This book is intended to be read by both more mathematically oriented readers and by readers from other areas of science with the usual knowledge of calculus, probability, and statistics, who can skip the more technical parts. Due to the introductory character of this presentation, we will introduce SDEs in the simplest possible context, avoiding clouding the important ideas which we want to convey with heavy technicalities or cumbersome notations, without compromising rigour and directing the reader to more specialized literature when appropriate. In particular, we will only study stochastic differential equations in which the perturbing noise is a continuous‐time white noise. The use of white noise as a reasonable approximation of real perturbing noises has a great advantage: the cumulative noise (i.e. the integral of the noise) is the Wiener process, which has the nice and mathematically convenient property of having independent increments.
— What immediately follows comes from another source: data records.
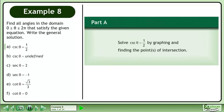Find all angles in the domain where θ is between 0 and 2π that satisfy the given equation. Write the general solution.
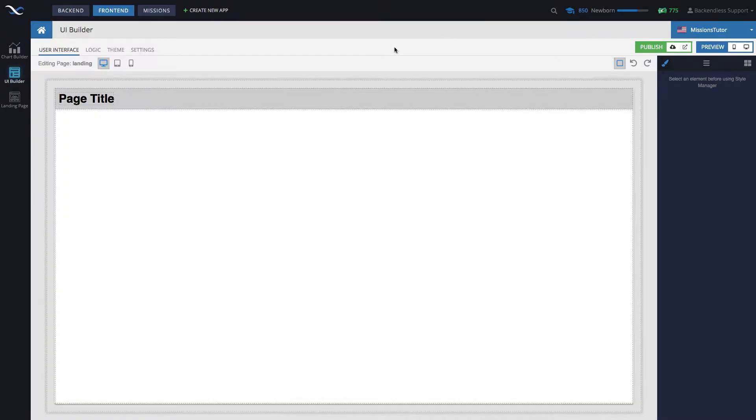Hey guys, in this video I will demonstrate how to retrieve an object from the BackendList database and display the properties of this object in the UI.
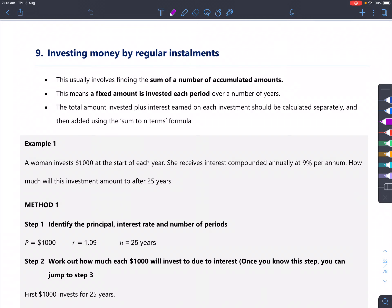For today's lesson, we'll be starting off with the harder part of financial mathematics, which is investing money by regular installments. There are so many different questions out there from the HSC, the trial papers, and the textbooks. This part of the course will be a bit wordy, so the best advice is to slow down and read the question, and make sure you do something right at the very beginning, because once you commit a mistake throughout this question, it takes time to restart.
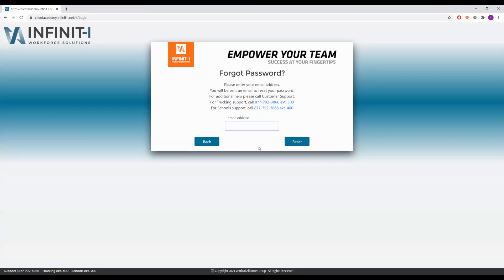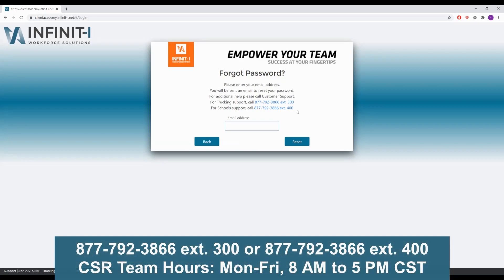If we do not have your email address on file, as it is not required to be a user in the system, you can call these two phone numbers and speak to a client success representative who can help you with this process over the phone. Our client success representatives are available Monday through Friday, 8 a.m. to 5 p.m. Central Time.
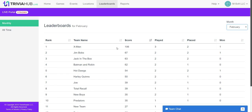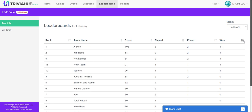Trivia Hub Live defaults the rank based on the score. If you want to look at these in a different way, you have the option to sort differently. For example, if you'd rather calculate your leaderboards based on how many games were won versus the total score, you can sort that way. Where multiple teams have won the same amount of games, it will break ties by looking at additional options like their score.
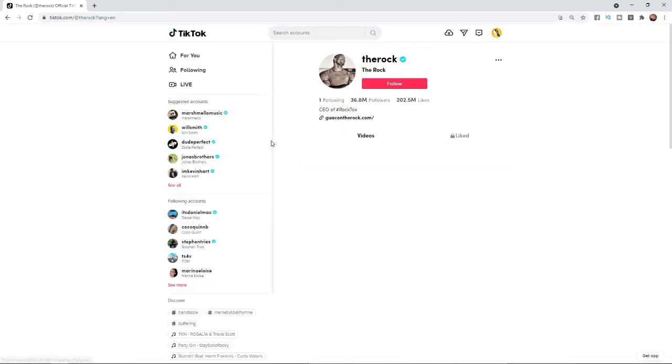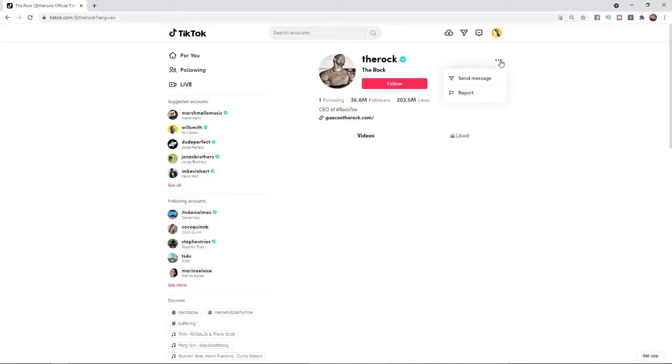As you can see, I've clicked on The Rock's account here, and right next to his username, there's an option for these three dots. If you click on those, you can see there's a send message option here.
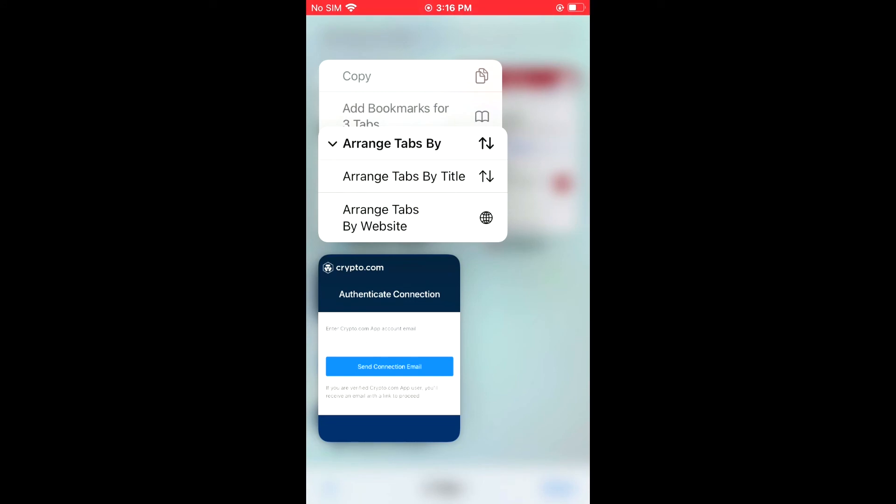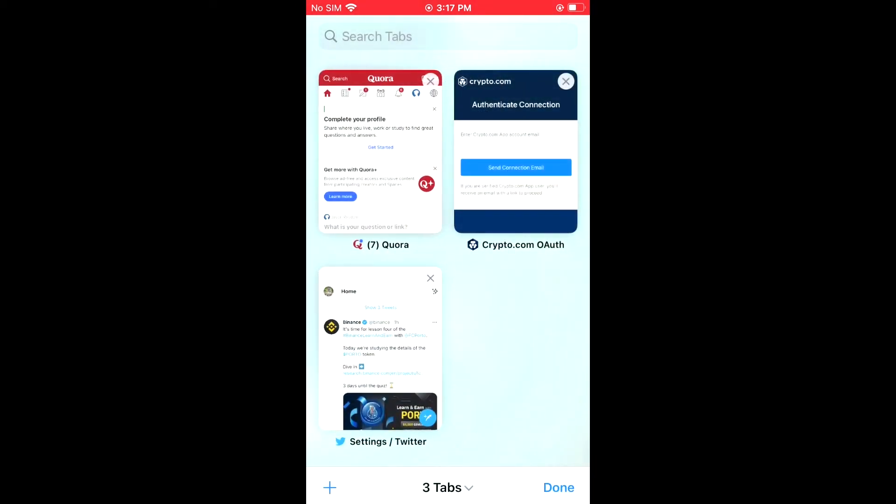As you can see here, you can arrange the tabs by title or arrange the tabs by website. Arrange it by title, you can see there. And that's it. That's how to arrange, or better yet, rearrange tabs on iPhone in Safari.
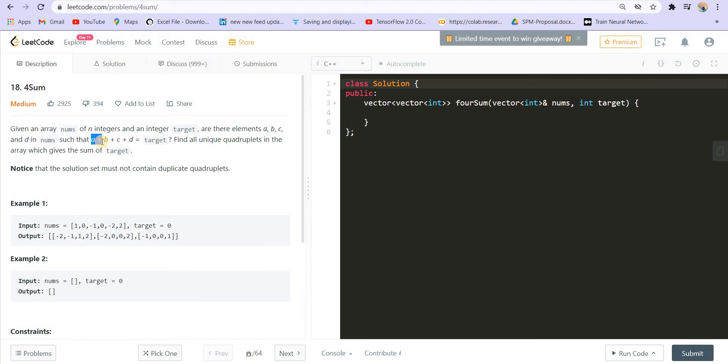If you know how to solve the twosome problem, you'll be able to solve the three and foursome problem as well. You can try to code this on your own. You can go to the link which is in the description and try to solve the question by yourself.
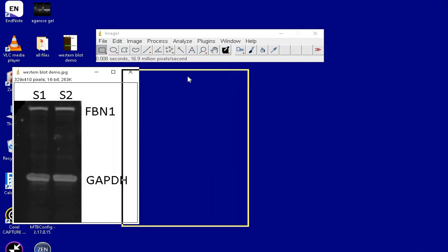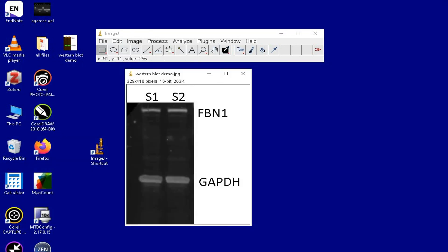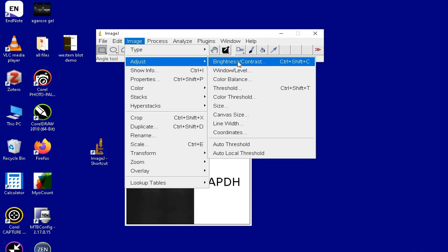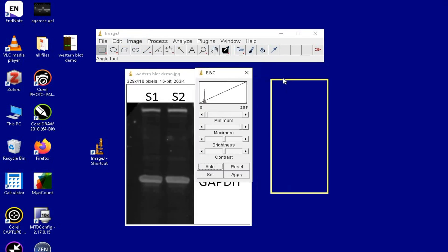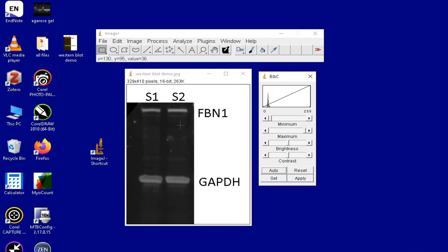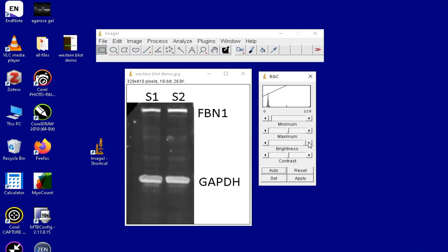The bands in the blot can be made more visible by changing the intensities. Manually change the brightness and the contrast according to your choice. Once selected, this window can be closed.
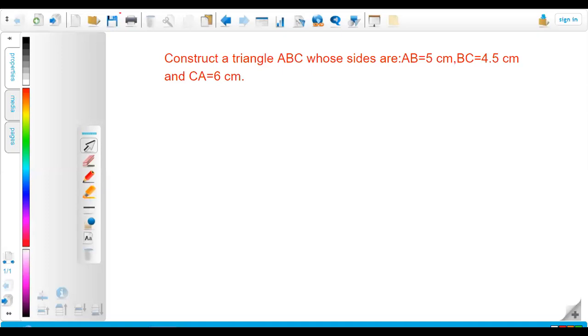Hi everyone, this is Indra. Welcome back to my channel. Today in this video I am going to discuss about construction of a triangle when three sides are given.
The Wiener process, rigorously studied by Wiener and Lévy after 1920 (some literature also calls it the Wiener–Lévy process), is also frequently named Brownian motion in the literature due to its association with the Einstein's first description of the Brownian motion of a particle suspended in a fluid in 1905. We personally prefer not to use this alternative naming since it identifies the physical phenomenon (the Brownian motion of particles) with its first mathematical model (the Wiener process), ignoring that there is an improved more realistic model (the Ornstein–Uhlenbeck process) of the same phenomenon. The ‘invention’ of the Wiener process is frequently attributed to Einstein, probably because it was thought he was the first one to use it (although at the time not yet under the name of ‘Wiener process’). However, Bachelier (1900) had already used it as a (not very adequate) model for stock prices in the Paris Stock Market.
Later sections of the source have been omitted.